Pascal Casel, directeur plateforme et diversification chez RTL, a pris du temps pour nous expliquer le projet de streaming porté par son service, qui pourrait révolutionner le foot grand-ducal et son image.
Dans le passé, RTL a pu avoir certains différends avec les clubs de l’élite, qui lui reprochaient de venir filmer leurs matches dans leurs stades sans contrepartie et en exigeant qui plus est que lui soient fournies des conditions optimales pour produire des images pour son propre intérêt. Tout est oublié, tout est pardonné. Le développement du foot luxembourgeois est visiblement devenu une priorité immédiate pour tout le monde. Et lors du vote de lundi, au Verlorenkost, RTL, déjà privilégié par la FLF, s’est vu ouvrir une voie royale pour modifier en profondeur les habitudes de consommation du football au Grand-Duché. Cela méritait bien une interview avec Pascal Casel, parce qu’accoler foot et télé au Grand-Duché, cela devient vite passionnant.
Vous avez quasiment fait l’unanimité lors du vote de lundi soir auprès des clubs de DN et PH, autour de l’appel d’offres sur l’installation de caméras dans les stades et du streaming qui va avec. Une belle victoire ?
Pascal Casel : Tout à fait. C’est notre projet dans sa totalité, le concept, la technologie, la plateforme que l’on met à disposition… qui ont séduit. Et puis, ces dernières semaines, nous avons fait nos preuves, avec l’installation des caméras tests. Et puis, il y a notre notoriété. Vous savez, RTL est le site le plus visité au Luxembourg par le monde du sport, surtout les jours de matches. Il ne nous manquait vraiment plus que la vidéo, avec des live, des replay, différents formats, mais aussi des reportages. C’est vraiment un projet global. Qui d’ailleurs ne s’arrêtera pas au seul football. Nous allons toucher plein d’autres sports, on discute avec plusieurs fédérations. C’est une liste qui peut s’étendre et tout le monde est convaincu que l’on aura du succès.

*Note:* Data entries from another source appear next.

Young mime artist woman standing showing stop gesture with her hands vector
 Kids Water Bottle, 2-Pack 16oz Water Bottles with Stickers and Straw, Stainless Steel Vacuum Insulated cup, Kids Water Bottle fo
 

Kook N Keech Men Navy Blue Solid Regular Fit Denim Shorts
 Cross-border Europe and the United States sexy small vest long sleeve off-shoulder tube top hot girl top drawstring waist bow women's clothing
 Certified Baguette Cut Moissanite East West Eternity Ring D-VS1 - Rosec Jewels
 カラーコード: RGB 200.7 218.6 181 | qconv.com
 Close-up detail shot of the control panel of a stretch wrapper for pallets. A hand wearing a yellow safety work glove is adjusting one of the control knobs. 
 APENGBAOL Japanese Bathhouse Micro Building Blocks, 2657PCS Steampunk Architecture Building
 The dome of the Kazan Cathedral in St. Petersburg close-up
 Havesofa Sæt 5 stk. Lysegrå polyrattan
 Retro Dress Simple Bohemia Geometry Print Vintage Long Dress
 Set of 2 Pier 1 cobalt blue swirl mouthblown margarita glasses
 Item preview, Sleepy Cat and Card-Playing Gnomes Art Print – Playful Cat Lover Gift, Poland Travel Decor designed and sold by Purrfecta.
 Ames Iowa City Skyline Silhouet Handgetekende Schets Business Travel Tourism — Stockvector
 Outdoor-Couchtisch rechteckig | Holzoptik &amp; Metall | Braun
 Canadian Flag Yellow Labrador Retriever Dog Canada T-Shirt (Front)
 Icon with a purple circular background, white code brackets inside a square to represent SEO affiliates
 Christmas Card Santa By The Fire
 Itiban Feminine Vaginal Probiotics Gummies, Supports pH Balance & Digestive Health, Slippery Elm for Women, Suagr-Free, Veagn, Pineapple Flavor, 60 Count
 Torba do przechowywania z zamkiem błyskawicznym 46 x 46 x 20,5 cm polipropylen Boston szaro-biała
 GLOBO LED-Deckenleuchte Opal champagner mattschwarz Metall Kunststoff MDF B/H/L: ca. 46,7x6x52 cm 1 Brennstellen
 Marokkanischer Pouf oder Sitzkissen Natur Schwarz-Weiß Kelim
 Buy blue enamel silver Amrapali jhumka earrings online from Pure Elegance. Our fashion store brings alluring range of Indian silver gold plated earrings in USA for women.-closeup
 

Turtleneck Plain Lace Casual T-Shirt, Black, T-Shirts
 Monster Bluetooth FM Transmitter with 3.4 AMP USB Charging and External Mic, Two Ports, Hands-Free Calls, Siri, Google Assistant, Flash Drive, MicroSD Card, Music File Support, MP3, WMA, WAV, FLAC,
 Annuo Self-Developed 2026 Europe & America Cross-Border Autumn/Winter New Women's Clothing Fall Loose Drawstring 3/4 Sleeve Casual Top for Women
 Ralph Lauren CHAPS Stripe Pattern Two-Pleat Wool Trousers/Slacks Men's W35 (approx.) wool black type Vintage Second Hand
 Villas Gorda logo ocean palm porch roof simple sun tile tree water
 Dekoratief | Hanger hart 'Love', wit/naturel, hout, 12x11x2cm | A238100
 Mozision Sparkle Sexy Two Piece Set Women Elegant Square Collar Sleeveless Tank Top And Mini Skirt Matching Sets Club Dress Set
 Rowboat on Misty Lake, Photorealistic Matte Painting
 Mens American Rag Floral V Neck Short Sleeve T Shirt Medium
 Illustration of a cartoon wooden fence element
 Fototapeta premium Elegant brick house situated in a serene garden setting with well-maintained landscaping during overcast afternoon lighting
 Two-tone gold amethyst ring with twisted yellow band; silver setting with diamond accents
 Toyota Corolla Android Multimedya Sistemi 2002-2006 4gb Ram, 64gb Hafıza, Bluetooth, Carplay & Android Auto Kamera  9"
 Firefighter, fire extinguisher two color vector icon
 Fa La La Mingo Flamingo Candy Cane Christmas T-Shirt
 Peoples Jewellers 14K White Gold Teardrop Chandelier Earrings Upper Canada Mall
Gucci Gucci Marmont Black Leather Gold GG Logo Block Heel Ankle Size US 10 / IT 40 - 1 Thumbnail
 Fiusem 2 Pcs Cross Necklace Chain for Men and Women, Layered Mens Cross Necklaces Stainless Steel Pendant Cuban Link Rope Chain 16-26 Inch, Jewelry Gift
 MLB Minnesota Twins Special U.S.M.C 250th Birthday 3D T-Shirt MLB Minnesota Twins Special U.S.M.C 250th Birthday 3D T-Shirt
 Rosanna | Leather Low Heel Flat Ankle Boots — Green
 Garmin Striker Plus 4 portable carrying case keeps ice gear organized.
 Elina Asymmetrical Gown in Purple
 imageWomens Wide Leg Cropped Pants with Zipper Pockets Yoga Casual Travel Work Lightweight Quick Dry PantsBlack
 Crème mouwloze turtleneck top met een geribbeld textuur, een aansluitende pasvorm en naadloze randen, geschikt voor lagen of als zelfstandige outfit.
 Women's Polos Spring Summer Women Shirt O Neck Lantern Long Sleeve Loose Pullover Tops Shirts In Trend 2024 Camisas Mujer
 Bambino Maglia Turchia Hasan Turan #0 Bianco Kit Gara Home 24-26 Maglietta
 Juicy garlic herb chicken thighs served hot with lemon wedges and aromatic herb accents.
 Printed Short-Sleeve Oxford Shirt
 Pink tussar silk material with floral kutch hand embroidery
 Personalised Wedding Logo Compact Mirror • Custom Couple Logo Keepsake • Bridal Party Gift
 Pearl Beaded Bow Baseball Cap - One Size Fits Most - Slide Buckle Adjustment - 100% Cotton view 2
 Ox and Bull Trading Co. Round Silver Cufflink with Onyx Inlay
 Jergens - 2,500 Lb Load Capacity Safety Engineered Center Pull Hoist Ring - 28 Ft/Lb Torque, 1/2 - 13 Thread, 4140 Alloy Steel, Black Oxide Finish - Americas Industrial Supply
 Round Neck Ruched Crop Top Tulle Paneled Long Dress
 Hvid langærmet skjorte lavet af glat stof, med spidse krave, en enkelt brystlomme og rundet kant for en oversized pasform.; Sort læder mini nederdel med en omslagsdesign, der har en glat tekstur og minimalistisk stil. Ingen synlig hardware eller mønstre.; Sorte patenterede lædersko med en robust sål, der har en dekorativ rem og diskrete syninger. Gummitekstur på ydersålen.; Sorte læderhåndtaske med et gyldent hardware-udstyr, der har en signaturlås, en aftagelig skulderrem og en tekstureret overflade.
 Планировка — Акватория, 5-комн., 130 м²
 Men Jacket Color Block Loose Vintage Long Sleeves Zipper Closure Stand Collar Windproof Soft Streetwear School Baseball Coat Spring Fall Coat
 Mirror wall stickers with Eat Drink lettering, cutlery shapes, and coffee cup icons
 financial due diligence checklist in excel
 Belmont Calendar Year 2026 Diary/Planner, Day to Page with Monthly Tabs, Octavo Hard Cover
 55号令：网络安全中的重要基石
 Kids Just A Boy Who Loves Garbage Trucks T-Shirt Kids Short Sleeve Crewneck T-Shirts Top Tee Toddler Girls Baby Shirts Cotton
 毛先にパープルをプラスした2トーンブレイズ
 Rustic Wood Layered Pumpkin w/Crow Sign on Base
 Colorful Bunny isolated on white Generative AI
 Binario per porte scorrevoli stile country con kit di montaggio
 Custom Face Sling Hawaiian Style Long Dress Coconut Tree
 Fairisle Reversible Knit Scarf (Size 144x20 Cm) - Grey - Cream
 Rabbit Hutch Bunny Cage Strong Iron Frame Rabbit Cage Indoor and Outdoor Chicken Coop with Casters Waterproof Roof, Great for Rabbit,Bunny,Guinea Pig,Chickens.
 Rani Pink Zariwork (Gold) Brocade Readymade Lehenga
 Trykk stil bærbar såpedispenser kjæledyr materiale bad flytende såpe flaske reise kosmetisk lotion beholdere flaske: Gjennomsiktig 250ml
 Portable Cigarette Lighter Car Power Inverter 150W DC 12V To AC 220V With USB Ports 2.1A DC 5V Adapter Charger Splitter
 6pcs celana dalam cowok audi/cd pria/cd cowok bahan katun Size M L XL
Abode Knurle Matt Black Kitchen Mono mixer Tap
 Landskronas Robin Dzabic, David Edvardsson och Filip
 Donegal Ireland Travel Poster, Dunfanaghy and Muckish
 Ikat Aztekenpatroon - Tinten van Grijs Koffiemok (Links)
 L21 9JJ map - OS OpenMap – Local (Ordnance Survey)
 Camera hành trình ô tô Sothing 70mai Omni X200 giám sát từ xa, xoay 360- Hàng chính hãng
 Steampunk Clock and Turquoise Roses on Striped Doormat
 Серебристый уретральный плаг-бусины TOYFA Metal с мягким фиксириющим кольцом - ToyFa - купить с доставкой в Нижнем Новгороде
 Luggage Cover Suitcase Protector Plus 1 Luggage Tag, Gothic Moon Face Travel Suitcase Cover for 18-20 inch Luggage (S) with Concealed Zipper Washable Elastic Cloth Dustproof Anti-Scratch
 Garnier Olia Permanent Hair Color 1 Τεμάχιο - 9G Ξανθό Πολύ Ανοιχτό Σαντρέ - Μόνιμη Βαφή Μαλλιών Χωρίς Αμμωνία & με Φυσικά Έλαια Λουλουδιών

On n’a toujours pas bien compris quelle était la durée du contrat…
On est partis sur… plusieurs années.
C’est-à-dire ?
Plusieurs années.
Ce qu’il y a de plus basique dans le contrat ?
Une caméra par stade de DN ou de PH pour démarrer. Et un « coaching pool », un outil d’analyse des équipes, à destination des entraîneurs.
Et des statistiques ?
Pas besoin de statistiques.
Et tout sera équipé pour le 23 août ?
Si vous avez lu l’article de vos confrères du Tageblatt, j’ai dit « le plus vite possible ». Je n’ai pas dit le 23 août. Tout dépend des prochains jours, des rendez-vous que nous aurons avec les communes pour parler des infrastructures. Il nous faut des autorisations. Certaines ne sont encore même pas au courant. Donc, on va lancer tout ça ces prochains jours. Il nous faut aussi garantir une certaine connectivité, car on aurait beau avoir des caméras hyper-performantes, si on n’a pas la connectivité… Mais on est associés à la Poste dans cette aventure et il n’existe aucune autre société mieux lotie à ce niveau.
Vous êtes-vous lancé dans cette aventure avec la certitude d’obtenir un retour sur investissement ? Avez-vous prospecté pour savoir si cette affaire faisait sens ou y avez-vous juste répondu parce que c’était presque une obligation ?
Moi je suis persuadé que cette démarche s’inscrit dans un écosystème de communication, et ça, c’est notre métier ! On met en avant la promotion du sport. On est une maison de médias et notre but, c’est d’apporter de l’image et de l’info aux gens. Là, il y avait une nouvelle opportunité. Ça entre comme une belle pièce dans un grand Lego. C’est une construction et c’est logique. Je suis persuadé aussi que cela aura un double effet positif. Le premier, c’est que le streaming va booster le foot parce qu’on produit déjà du streaming depuis un certain temps (NDLR : sur un match par journée de championnat) et que cela a du succès. Le second, c’est que contrairement à ce que beaucoup de gens pensent, cela ne va pas entraîner une désertification des stades. Bien au contraire. Nous allons rendre les clubs plus visibles, plus présents. Et comme rien ne remplacera jamais l’ambiance d’un stade, cela risque d’attirer les gens. Ils vont mieux suivre leur équipe et le feedback que l’on reçoit de l’étranger nous le dit.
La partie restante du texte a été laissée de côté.